Priya Kulasagaran dives into a healthy and traditional fusion experience with the poke bowl specialists at Paperfish.
While sushi has now become an entrenched mainstay for most local foodies, this year’s trend of poke bowls has taken raw fish into a different direction. Contrary to the cute name, poke (pronounced poh-kay) has nothing to do with Pokemon or poking at your food like a fussy toddler.
A centuries-old dish from the shores of Hawaii, United States, a typical poke bowl has chunks of raw fish atop a bed of rice. The word poke in Hawaiian means to “cut crosswise into pieces”, referring to the fish slices. In Hawaii, the food can be found anywhere from stalls to gas stations. Like many culinary staples around the world, the dish was a way of utilising leftovers (in this case, fish from a day’s catch) without sacrificing nutrition and flavour.
Thanks to large scale migration to the island, the dish also brings in Japanese sensibilities, notably to the seasoning of the dish to include that elusive umami taste. This includes toppings such as seaweed and furikake (comprising sesame seeds, dried fish and seaweed).
As more people seeking out healthier food options, poke bowls have arrived at an ideal juncture to fill this need. Packed with fresh ingredients and lots of vegetables, it is easy to see why these colourful bowls are being marketed as wholesome meals for busy urbanites.
Now the dish has hit the local food scene, one of the best places to sample poke is Paperfish in Taman Tun Dr Ismail, Kuala Lumpur. Owned by six friends, the outlet’s name is clever reflection of the dish’s Japanese influences — as well as the concept of how your lunch is hand-crafted by the servers.
A bowl of goodness
“There’s a reason why we call ourselves crafters,” says Paperfish supervisor Alyssa Chuah, gesturing to the open bar of ingredients where diners can customise their bowls. “We want people to engage with their meals, and get to really know what they’re eating. I’d say our philosophy is minimalist — we focus on letting the flavours of fresh ingredients shine, and keep things simple, relaxing and healthy.”
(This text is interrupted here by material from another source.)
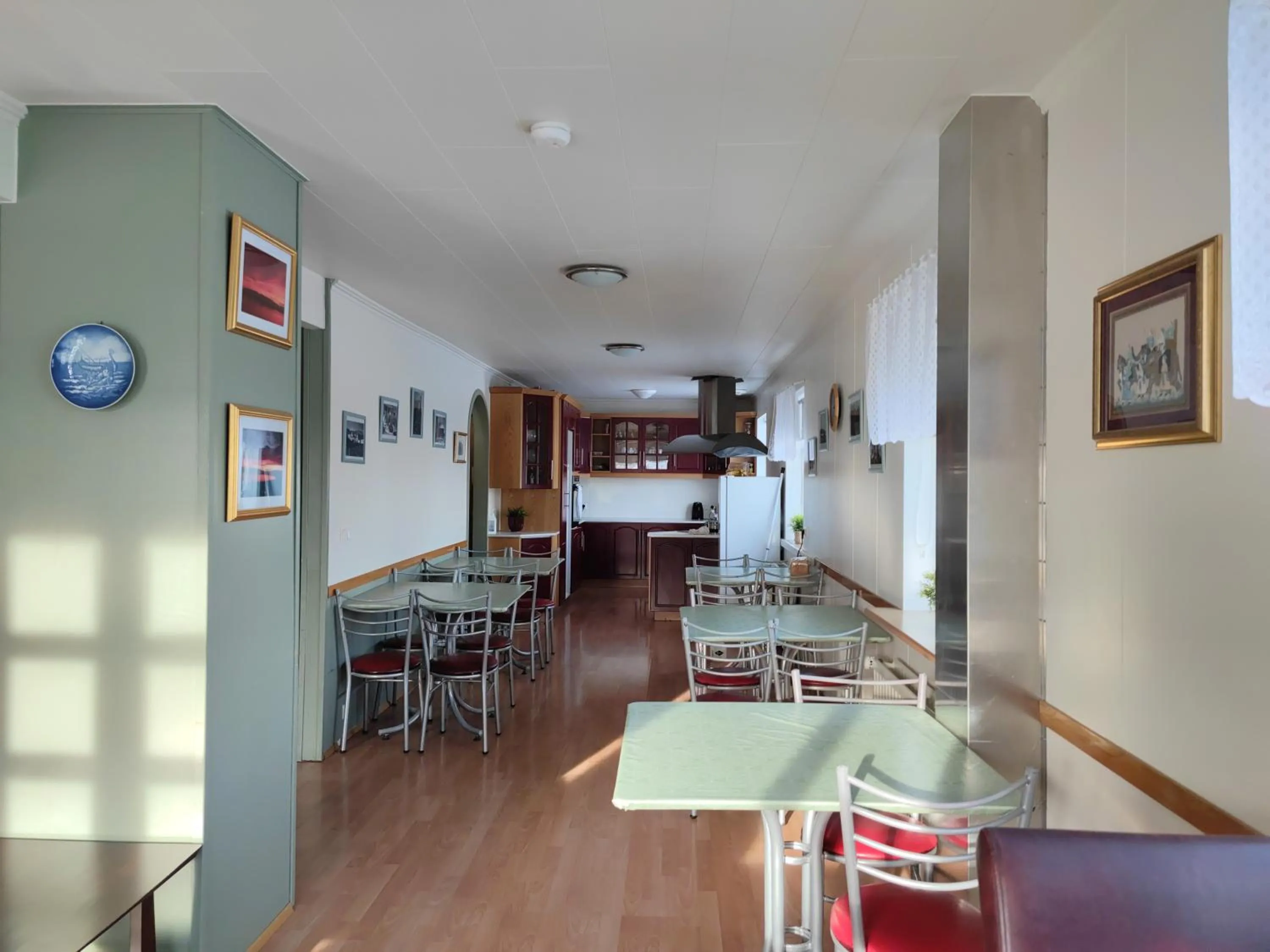 Communal kitchen in 550 Guesthouse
Indeed, the setting of the eatery is airy and light, with clean white walls, wide tables and benches, as well as ample space. Outside, the first thing that greets patrons as they walk in is a colourful wall of origami creations; to which customers are encourage to add to, along with their feedback.
Chuah reckons that alongside the healthy appeal of the food served, the casual nature of the set-up is the thing that has made Paperfish a popular neighbourhood joint. “I’d say this based on my own parents as well,” she says with a grin. “With some of the trendier looking places, older customers feel a bit ‘scared’ about being surrounded by young people. Here, we keep things simple and fuss-free, and it helps to have friendly staff as well.”
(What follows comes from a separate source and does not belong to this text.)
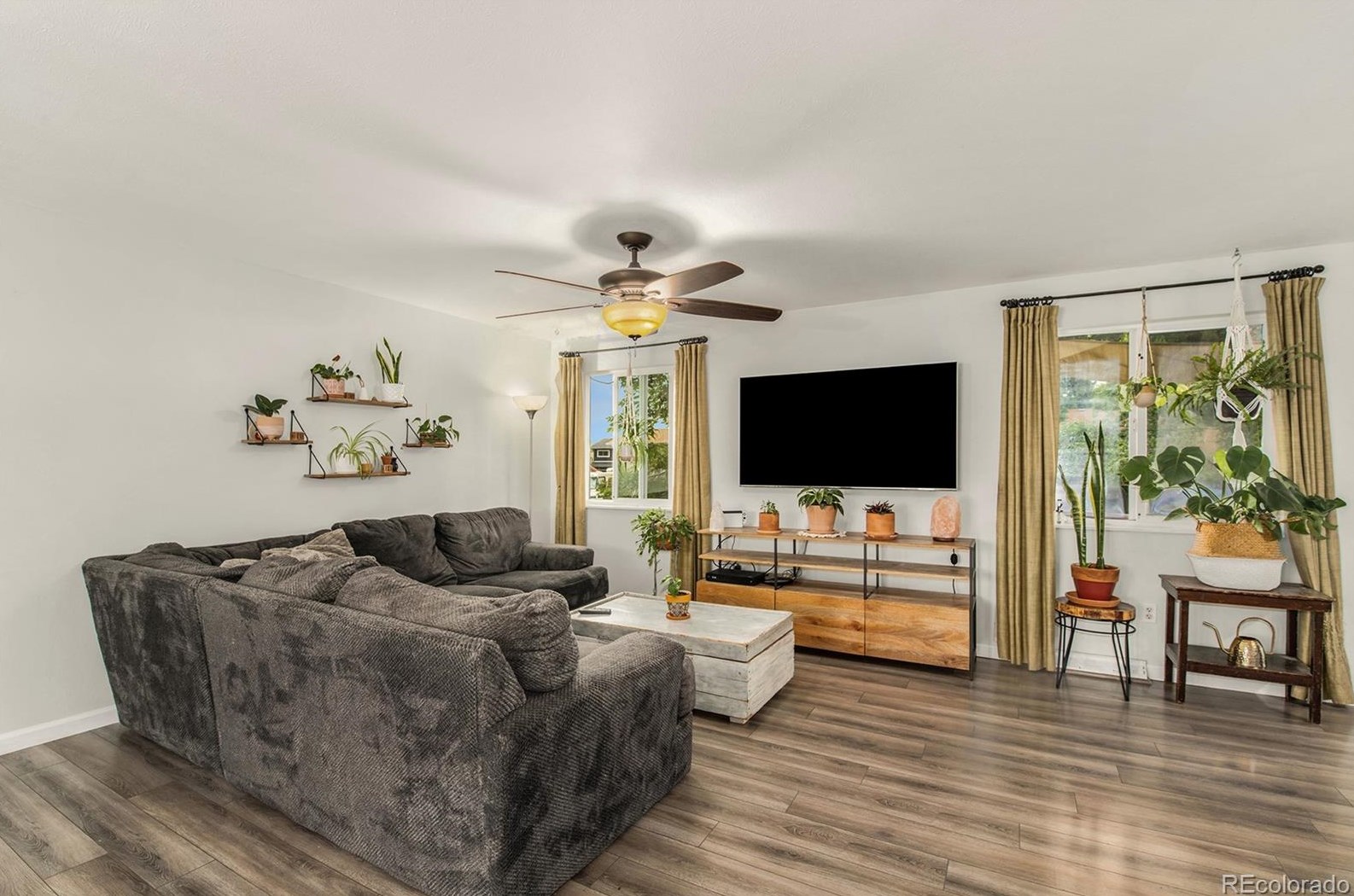 7026 Rowland Ave, Littleton CO 80128-4722 exterior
The base of poke bowls are usually a carbohydrate, particularly rice, although some restaurants include options such as pasta or noodles. At Paperfish, those wishing for an even healthier choice can select either quinoa or even baby greens to make it a full salad.
While raw tuna may be the traditional protein option, these days other seafood such as salmon and shrimp are popular as well. The fish is usually marinated, either in a simple soy-sauce base, or in Paperfish’s case, slightly more contemporary mixtures with citrus or chilli. To round off the dish, toppings are added for flavour and texture; these can be anything from vegetables, seasoning like sesame seeds and seaweed, or even egg.
If this sounds like a case of too many choices, fret not: Paperfish offers patrons a list of pre-set bowls that you can start your customisation from. This includes tuna, salmon and shrimp; vegans and vegetarians meanwhile, can opt for the avocado bowl.
The bowls themselves come in generous portions; my citrus-marinated salmon dish arrived littered with delectable salmon cubes, and I was glad that the paper container could withstand the weight of the serving. Digging in, the freshness of the salmon was unmistakable, and I am assured of Chuah’s comment of the outlet having no qualms of turning away ingredients from suppliers at their doorsteps if they are not up to scratch.
You can also opt for sauces such as sriracha, wasabi and garlic if you want that extra kick to your meal. “We try not to use too much (sauce) when preparing the bowls, because otherwise the sauce might overpower everything else in the dish,” adds Chuah. But customers are feel to help themselves to more.”
By the end of the meal, my only complaint is perhaps I should have opted for a vegetable base so as to not feel like a python digesting its prey. Despite the eternal parking woes of the area during the day time, the outlet is usually packed for lunch and dinner – after sampling its wares, the appeal makes sense. So if you’re craving for a healthy meal, without wanting to feel as if you are on a diet, Paperfish might just be the answer.